We have a difference of opinion on that one. If the person cannot provide care and have an environment for both species your correct. However that's not everyone. I certainly make sure my animals are taken care of. I have a thread going from April showing the progress. I'm willing to go all out for my frogs and toads. So if they die it will be in a long time. They are healthy. What if my animals would live longer than yours would? That would be pretty interesting 


Sent from my iPhone using Tapatalk

----------


## Mr Leopard

Thanks for making things clearer in my mind with regards to whether or not the second frog could be of a different species if it's going to be in the same terrarium (no, for now at least).

Space is one of the main reasons I said captivity and life in the wild were different ball games (others include things like variation gradients in the environment). You can find several species of frogs even within two feet of one another, but they're not stuck together forever. The same goes for multiple frogs of the same species.

I'm guessing success with multiple species tanks depends on the species, the owner's care, the set up and the individual (leopards are notoriously skittish, but mine seems to have gotten used to me enough not to care much about hiding from me no matter what I do... unless I really [accidentally] scare the **** out of it). I'm actually scared this could change with the introduction of a new frog.

Just to clarify, I do not dispute the idea that toads have toxins, just the idea that all frogs do (or enough of them to make a generalization).

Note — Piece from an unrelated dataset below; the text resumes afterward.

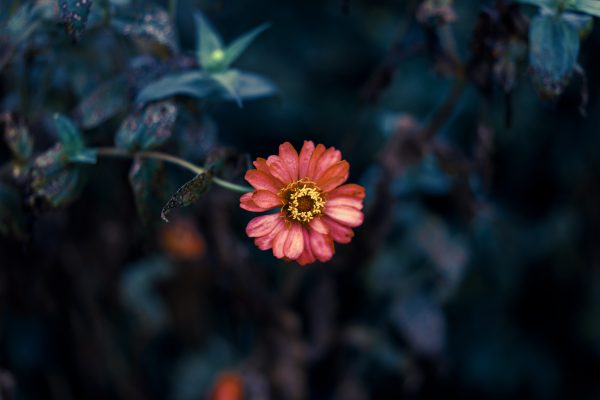 Çiçek Senfonisi/Ubeyde Gül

Do you guys have any suggestions regarding water management? What's the fastest way / set up you've found for the water changes. I have enough other animals to take care of that streamlining the water changes for my frog(s) would make a difference in deciding whether or not to house the frogs together. The same goes with the rest of terrarium care, if you have any tips.

----------


## AAron

I'll be honest, my frog has been skittish around me except when he is hungry. He has gotten better though. If you move slowly around them it helps. It takes getting used to for the frog and the owner. If you stress it less which is hard with these frogs, I believe it will trust you or at least not view you as a threat. My leopard frog like being on land. I see him at night on land and when it's warmer in the day, in the water. If you can get a small plastic container or something and cut it to fit your tank that would save some hassle of changing the whole tank. You could do what I did and make 60/40 land to water ratio when I had it in my 30 gallon. I really feel that the way the animals I have inhabit the enclosure makes it work. The frog has the water and the toads burrow for safety. They have similarities but with humidity, temp, & lighting all basically the same, it's already in a positive direction. I've had my one toad and leopard frog together since January. With the way I designed this enclosure it can house both species. It's not a beginner tank so to speak because it has native plants and insects that are breeding in the tank along with frogs and toads.  I waited 2 years before I attempted this. I got help with the idea from various sources and I knew the cost financially but that didn't stop me because I wanted to give them the closest simulation of what their life would be like but without predators and lack of prey. To answer your questions, it depends on the person, you can try a half land setup to lose some water, if you are still thinking of doing it still with another frog, go for it but make sure you don't favor one frog in research and designing the tank. If you are planning on making a project such as a bigger one, I hope my thread is a help to you. 


Sent from my iPhone using Tapatalk

----------


## Platinumtreasure

I've been contemplating whether I should keep all the frogs I raised from tadpoles. They have all been froglets for about 2 to 3 weeks. There appears to be 2 green tree froglets, 2 grey tree froglets and 1 leopard froglet. As of right now the 2 green froglets seem to band together in close proximity. And the 2 grey tree froglets and the leopard frog band together more closely. Literally cuddled like puppies do when at rest. 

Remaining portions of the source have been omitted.